All of the entries below are to be copied without any alteration.
BEGIN
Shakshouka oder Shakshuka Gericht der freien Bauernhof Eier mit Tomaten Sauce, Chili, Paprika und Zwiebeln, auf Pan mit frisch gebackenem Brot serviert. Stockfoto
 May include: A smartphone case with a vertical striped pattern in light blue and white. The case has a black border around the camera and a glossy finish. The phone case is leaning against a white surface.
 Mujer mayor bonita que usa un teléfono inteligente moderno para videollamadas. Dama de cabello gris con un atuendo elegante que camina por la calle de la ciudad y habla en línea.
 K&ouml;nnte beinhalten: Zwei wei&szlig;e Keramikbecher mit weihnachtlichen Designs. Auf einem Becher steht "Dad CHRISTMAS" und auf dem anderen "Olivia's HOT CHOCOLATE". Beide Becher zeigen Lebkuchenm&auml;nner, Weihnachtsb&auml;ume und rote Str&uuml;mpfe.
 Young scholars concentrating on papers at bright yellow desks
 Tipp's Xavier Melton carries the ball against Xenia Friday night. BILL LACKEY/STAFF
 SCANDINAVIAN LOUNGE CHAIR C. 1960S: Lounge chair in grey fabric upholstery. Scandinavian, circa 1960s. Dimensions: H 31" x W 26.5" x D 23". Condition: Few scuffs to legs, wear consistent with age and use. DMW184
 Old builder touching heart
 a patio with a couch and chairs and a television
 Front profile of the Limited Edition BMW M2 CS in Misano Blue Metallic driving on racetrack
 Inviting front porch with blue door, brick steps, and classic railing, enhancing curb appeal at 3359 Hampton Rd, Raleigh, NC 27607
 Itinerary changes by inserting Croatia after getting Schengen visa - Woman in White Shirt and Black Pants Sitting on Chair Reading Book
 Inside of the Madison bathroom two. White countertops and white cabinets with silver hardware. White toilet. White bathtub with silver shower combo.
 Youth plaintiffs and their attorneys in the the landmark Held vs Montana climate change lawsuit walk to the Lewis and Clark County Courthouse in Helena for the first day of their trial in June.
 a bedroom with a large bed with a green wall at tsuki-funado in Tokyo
END
- _Task result_
Shakshouka oder Shakshuka Gericht der freien Bauernhof Eier mit Tomaten Sauce, Chili, Paprika und Zwiebeln, auf Pan mit frisch gebackenem Brot serviert. Stockfoto
 May include: A smartphone case with a vertical striped pattern in light blue and white. The case has a black border around the camera and a glossy finish. The phone case is leaning against a white surface.
 Mujer mayor bonita que usa un teléfono inteligente moderno para videollamadas. Dama de cabello gris con un atuendo elegante que camina por la calle de la ciudad y habla en línea.
 K&ouml;nnte beinhalten: Zwei wei&szlig;e Keramikbecher mit weihnachtlichen Designs. Auf einem Becher steht "Dad CHRISTMAS" und auf dem anderen "Olivia's HOT CHOCOLATE". Beide Becher zeigen Lebkuchenm&auml;nner, Weihnachtsb&auml;ume und rote Str&uuml;mpfe.
 Young scholars concentrating on papers at bright yellow desks
 Tipp's Xavier Melton carries the ball against Xenia Friday night. BILL LACKEY/STAFF
 SCANDINAVIAN LOUNGE CHAIR C. 1960S: Lounge chair in grey fabric upholstery. Scandinavian, circa 1960s. Dimensions: H 31" x W 26.5" x D 23". Condition: Few scuffs to legs, wear consistent with age and use. DMW184
 Old builder touching heart
 a patio with a couch and chairs and a television
 Front profile of the Limited Edition BMW M2 CS in Misano Blue Metallic driving on racetrack
 Inviting front porch with blue door, brick steps, and classic railing, enhancing curb appeal at 3359 Hampton Rd, Raleigh, NC 27607
 Itinerary changes by inserting Croatia after getting Schengen visa - Woman in White Shirt and Black Pants Sitting on Chair Reading Book
 Inside of the Madison bathroom two. White countertops and white cabinets with silver hardware. White toilet. White bathtub with silver shower combo.
 Youth plaintiffs and their attorneys in the the landmark Held vs Montana climate change lawsuit walk to the Lewis and Clark County Courthouse in Helena for the first day of their trial in June.
 a bedroom with a large bed with a green wall at tsuki-funado in Tokyo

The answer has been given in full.